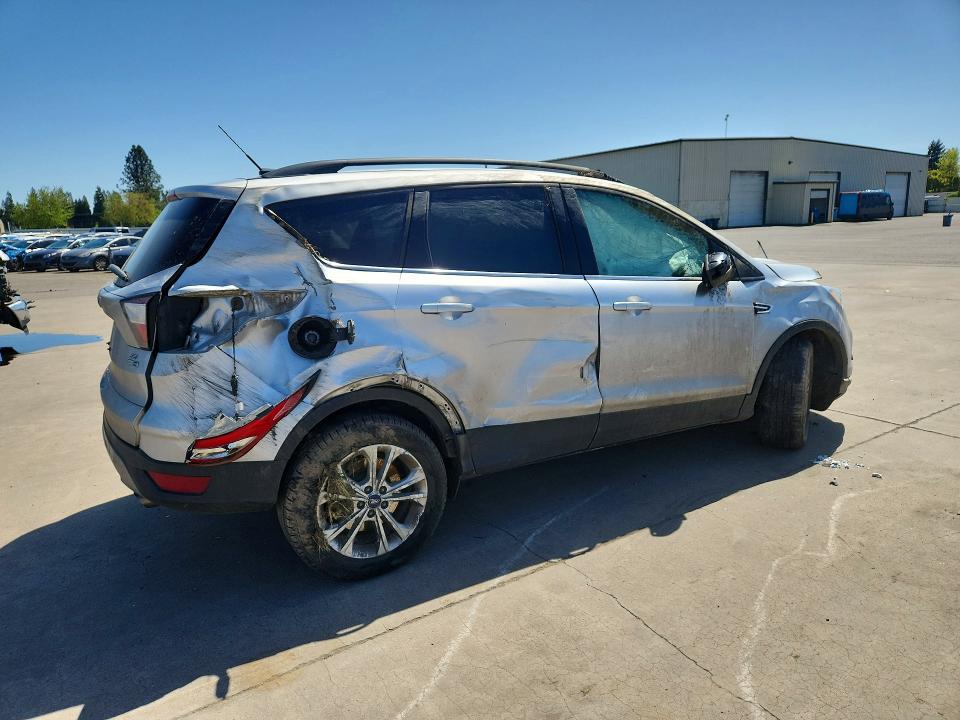 Photo 3 from auction – 2017 FORD ESCAPE with VIN 1FMCU9G92HUE24371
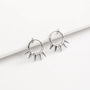 A pair of silver-toned hoop earrings with sharp spike details, displayed on a clean white surface.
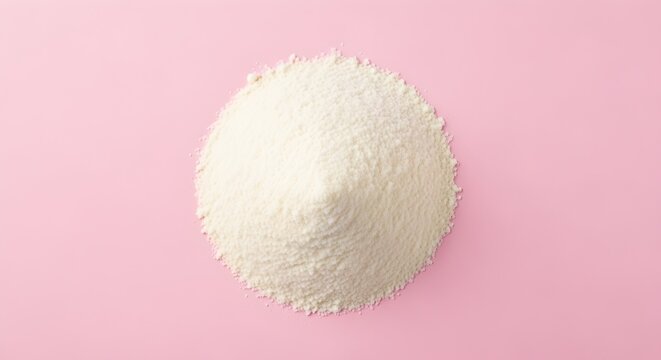 Conical pile of fine dry white powder presented from a top-down perspective on a smooth, solid light pink background.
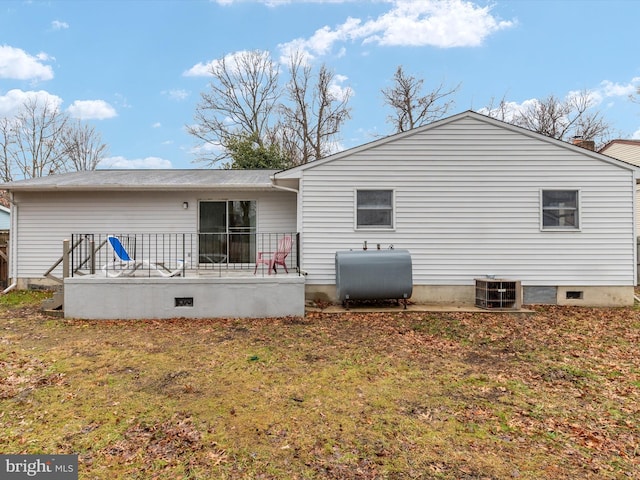 rear view of property featuring central AC, a deck, and a lawn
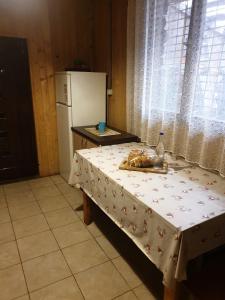 a kitchen with a table and a white refrigerator at Casa Lacramioara in Sîmbăta de Sus +31 photos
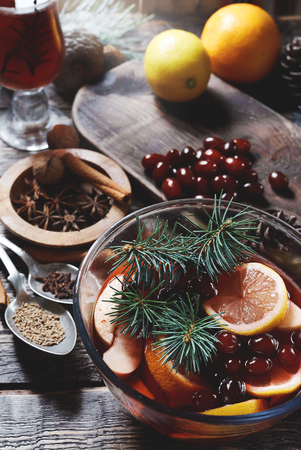 glass transparent bowl with Christmas hot mulled red wine with spices and fruits on a wooden rustic table with spruce branches. Traditional hot drink at Christmas timeの写真素材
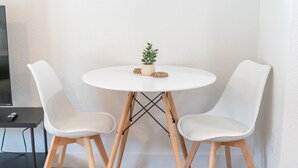 Une petite table ronde blanche, accompagnée de deux chaises blanches, d’une petite plante en pot et de quelques dessous de verre.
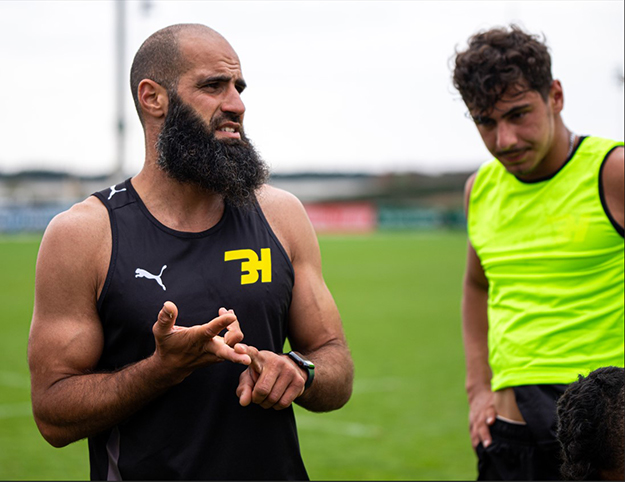 Two men in sporting gear standing on an oval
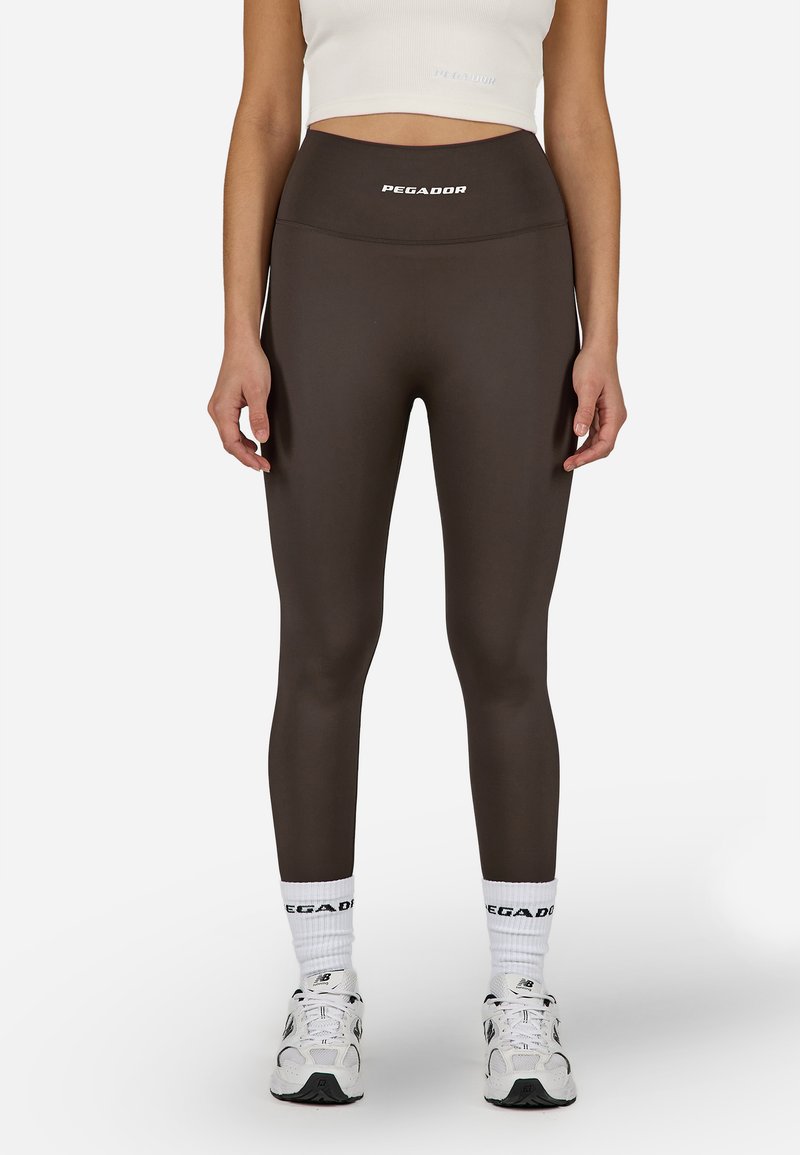 Barna, magas derekú leggings sima anyagból, a derékrészen logóval. Fehér zoknikkal és sportcipőkkel viselve.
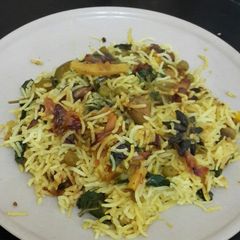 A picture of Mushroom peas and corn biryani.
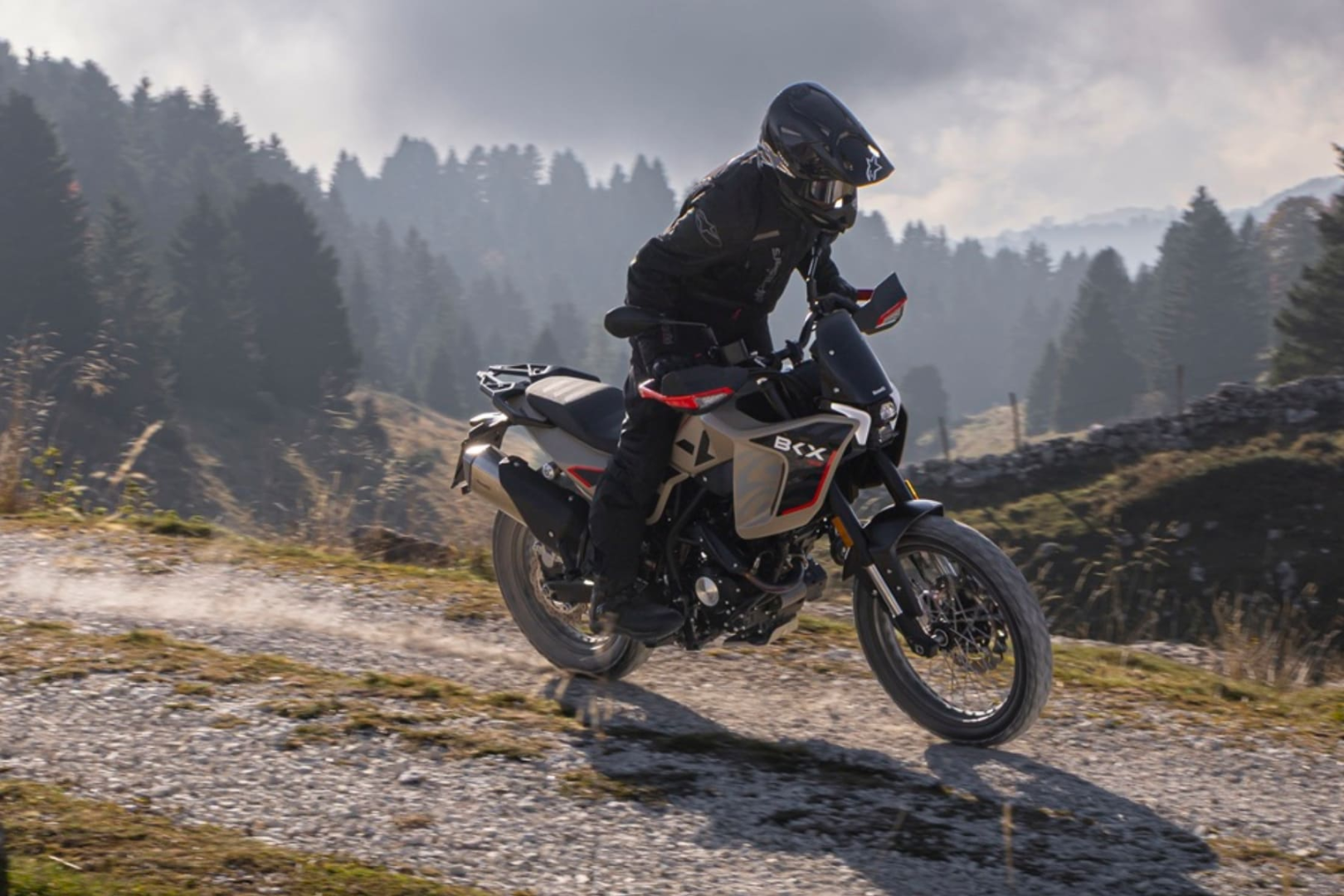 Benelli-bkx-125-s - AutoBike Rider on a dual-sport motorcycle navigating a rocky mountain trail with trees in the background, wearing protective gear and a full-face helmet - AutoBike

**Exercise description:**
Would you please repeat all the data word for word, but without the pictures?

**Written response:**
 Photo 3 from auction – 2017 FORD ESCAPE with VIN 1FMCU9G92HUE24371
 A pair of silver-toned hoop earrings with sharp spike details, displayed on a clean white surface.
 Conical pile of fine dry white powder presented from a top-down perspective on a smooth, solid light pink background.
 rear view of property featuring central AC, a deck, and a lawn
 a kitchen with a table and a white refrigerator at Casa Lacramioara in Sîmbăta de Sus +31 photos
 glass transparent bowl with Christmas hot mulled red wine with spices and fruits on a wooden rustic table with spruce branches. Traditional hot drink at Christmas timeの写真素材
 Une petite table ronde blanche, accompagnée de deux chaises blanches, d’une petite plante en pot et de quelques dessous de verre.
 Two men in sporting gear standing on an oval
 Barna, magas derekú leggings sima anyagból, a derékrészen logóval. Fehér zoknikkal és sportcipőkkel viselve.
 A picture of Mushroom peas and corn biryani.
 Benelli-bkx-125-s - AutoBike Rider on a dual-sport motorcycle navigating a rocky mountain trail with trees in the background, wearing protective gear and a full-face helmet - AutoBike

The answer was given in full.